I am willing to bet you have been in the position where I find myself this month – running out of room to work despite wanting to go bigger.
That is what happened with our cover feature on Ross & Baruzzini’s Jim Rodgers, pme’s 2015 Plumbing Engineer of the Year. I picked up so much great information during my lengthy visit with Rodgers, Andre Maue, the director of MEP operations for the Indianapolis office, and Plumbing Designer David Lindley that I could not fit it all in the main feature.
So, with that, I am going to squeeze in a few more interesting nuggets in this space.
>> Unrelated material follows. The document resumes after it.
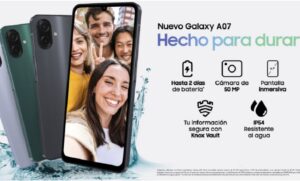 Samsung refuerza la seguridad: Galaxy A17 y A07 llegan con protección avanzada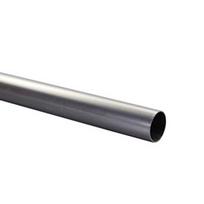 Skersinis Domoletti Modern Curtain Rail Matte Silver D16 2m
Here we go:
- One of the Rodgers’ attributes Maue appreciates is his desire to be a team leader on a project that involves many moving parts.
“He is willing and able to go beyond what our scope is,” Maue says. “He and I share that vision.”
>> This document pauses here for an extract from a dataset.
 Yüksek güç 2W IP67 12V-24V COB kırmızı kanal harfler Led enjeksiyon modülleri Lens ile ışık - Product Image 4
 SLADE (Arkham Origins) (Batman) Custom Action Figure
- Rodgers says the connection between an engineer and a manufacturers rep is invaluable. He stresses young engineers must make those connections early.
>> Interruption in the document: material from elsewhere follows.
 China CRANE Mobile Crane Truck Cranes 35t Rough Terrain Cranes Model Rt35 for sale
“As a young guy you don’t realize how valuable they really are,” he says. “If there is a problem with their product on a project you have to be able to call them and explain what the situation is. A lot of times it’s not even a problem with their product — it may be an installation error. The relationship is very special and very important.”
- Rodgers enjoys and learns much from the peer review process that takes place at Ross & Baruzzini. Once a month, sometimes more if needed, Rodgers will connect via a Web-conferencing program with the company’s St. Louis headquarters. He will present his near-completed designs or look over other Ross & Baruzzini engineers’ layouts to discuss where things could be enhanced, tweaked or changed.
“It’s always nice to have an outsider’s view,” he says. “When you work on a project for six months, you know what’s in your mind and what you are trying to achieve on these drawings. But when a contractor opens them up for the first time they might say, ‘What are you trying to accomplish here?’
“It always is nice to have a set of eyes, someone who knows nothing about the project, look it over. They are like the contractor. They are trying to figure out what we are trying to achieve and what we are trying to build. That’s good peer review.”
- Rodgers has been in the industry since before email was readily available and just as office fax machines were coming into vogue. Now, his smartphone quietly chirps when a message is received. Is it easy to unplug?
“I’ll set up a message on my email saying ‘won’t have access to email,’” he explains. “When I am on vacation, I’ll try and not look at it until the last day, just so you know what you’re walking into the next day.”
That’s just a taste of what hit the cutting room floor. My time with Rodgers and Ross & Baruzzini was a great learning experience to see the importance of leadership and teamwork.
This article was originally titled “All that is fit to print” in the September 2015 print edition of PM Engineer.